(Image-caption web data)

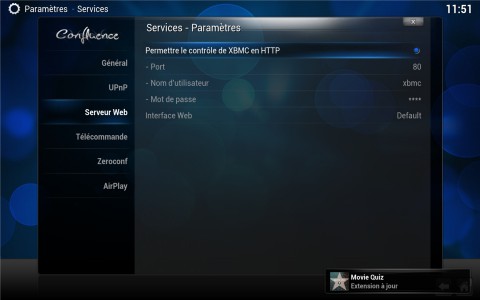 Comment activer le serveur HTTP de XBMC ?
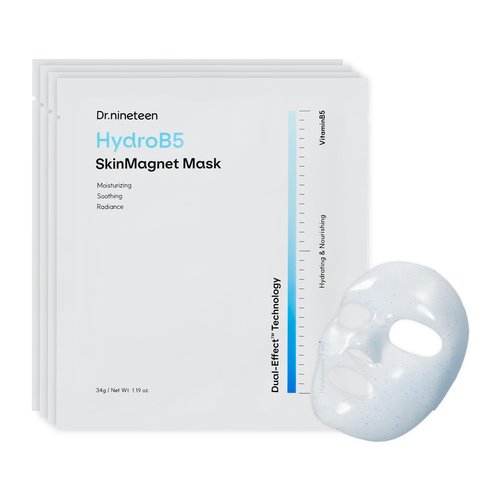 Dr.nineteen Hydro B5 Skin Magnet Hydrogel Mask | 8-Layer Hyaluronic Acid Complex + Panthenol + PDRN | Deep Hydration & Soothing | Korean Hydrogel Face Mask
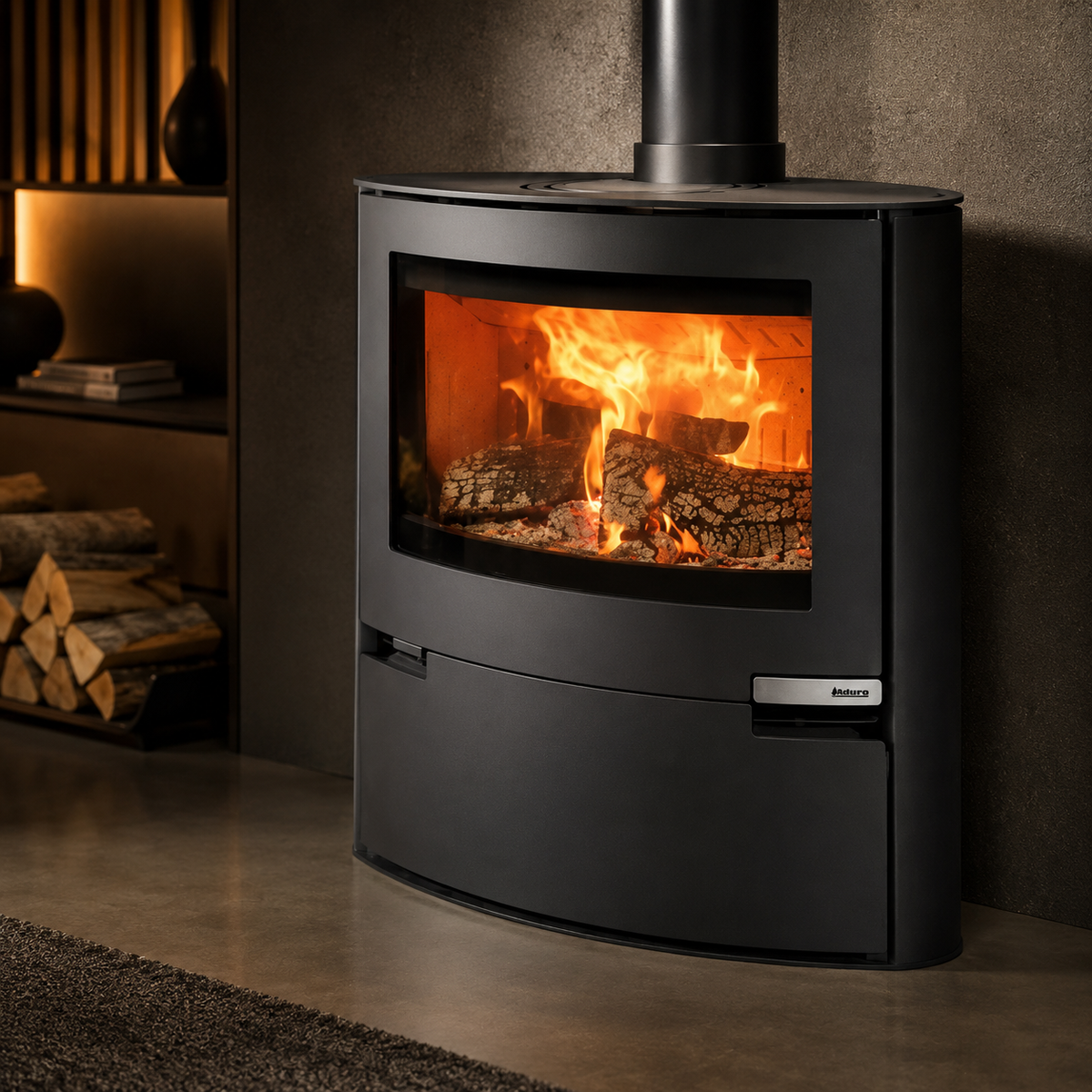 Aduro 15.2 Kaminofen Stahl Schwarz 6,5 kW mit Automatik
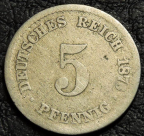 5 пфеннигов 1876 H Германия. Монета продается в единственном экземпляре, изображенном на фото.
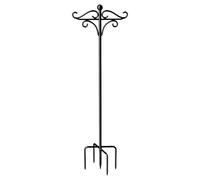 Double Shepherd Hooks - 43.5 x 33 x 4.5 cm, Double Sided Bird Feeder Pole, Adjustable Heavy Duty Iron Hook with 5 Prong Base, 76 Inch Tall Decorative Patio Shelf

HOW TO COMPLETE THIS TASK — What is needed is the exact run of lines from the start of the data through the line with "Aduro 15.2 Kaminofen", both ends included, minus the pictures.

TASK ANSWER —
 Comment activer le serveur HTTP de XBMC ?
 Dr.nineteen Hydro B5 Skin Magnet Hydrogel Mask | 8-Layer Hyaluronic Acid Complex + Panthenol + PDRN | Deep Hydration & Soothing | Korean Hydrogel Face Mask
 Aduro 15.2 Kaminofen Stahl Schwarz 6,5 kW mit Automatik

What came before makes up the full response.